Ce Joseph jeté dans un puits et vendu par des frères dénaturés, Dieu fait sauver par lui et l'Égypte et Canaan.
Ceux qui ont allumé les bûchers des martyrs sont ceux aussi qui ont fait sortir de ce feu une foi plus précieuse que l'or, un amour plus fort que les flammes.
Ces horreurs qui nous révoltent, ces bouleversements qui nous entourent, ne seront que sainteté un jour et harmonie divine. Comme Dieu a fait sortir le monde du chaos, il fait sortir sa gloire de nos bénédictions gâtées. Nous ne savons pas maintenant ce qu'il fait, mais laissez-le faire ; vous verrez la lumière sortir des ténèbres et porter la santé dans ses rayons.

Que cela nous console, quand nous ne pouvons nous consoler des choses visibles ou quand nous souffrons trop du dégât que nous avons fait à Dieu. Dieu ramassera ces dégâts ; de nos miettes souillées il ornera son festin ; entre nos mains tout se corrompt, dans celles de Dieu tout se purifie.

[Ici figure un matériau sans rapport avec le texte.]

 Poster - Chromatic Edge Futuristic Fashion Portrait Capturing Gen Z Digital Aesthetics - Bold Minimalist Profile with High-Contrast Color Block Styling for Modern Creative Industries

Sans le savoir, nous lui taillons ses pierres, et nous les reverrons un jour dans son arc de triomphe.

Et que personne ne dise que nous lui conseillons de pêcher pour que la grâce et la gloire de Dieu abondent. Le péché est toujours le péché pour l'homme et pour les nations.
Voulez-vous le péché ? C'est vouloir votre ruine, c'est vous donner pour salaire la mort. Mais le péché est autre chose dans la conscience individuelle et autre chose dans le plan de Dieu. Nous subissons les conséquences du mal que nous faisons nous-mêmes, mais Dieu est libre de faire des mêmes péchés ce qu'il voudra.
Nous nous rendons responsables de nous-mêmes ; Dieu se rend responsable de l'ensemble. C'est dans cette harmonie finale que nous retrouverons nos bénédictions gâtées. Dans cette lumière éternelle nous reverrons, refaits sous les mains de Dieu, Jésus-Christ, notre âme et le monde. Voici, dira le Roi des rois et le Seigneur des seigneurs : J'ai fait toutes choses nouvelles. Toute bouche sera fermée, et la gloire de Dieu mise dans une pleine lumière.
Attendons ce moment ; c'est celui où les livres s'ouvriront, où nos yeux verront, et où nous jetterons devant le trône nos couronnes, en disant : Seigneur, tu es digne de recevoir la gloire, l'honneur et la puissance, car tu es admirable en conseil et magnifique en moyens ; que tout ce qui respire loue l'Éternel ! Amen.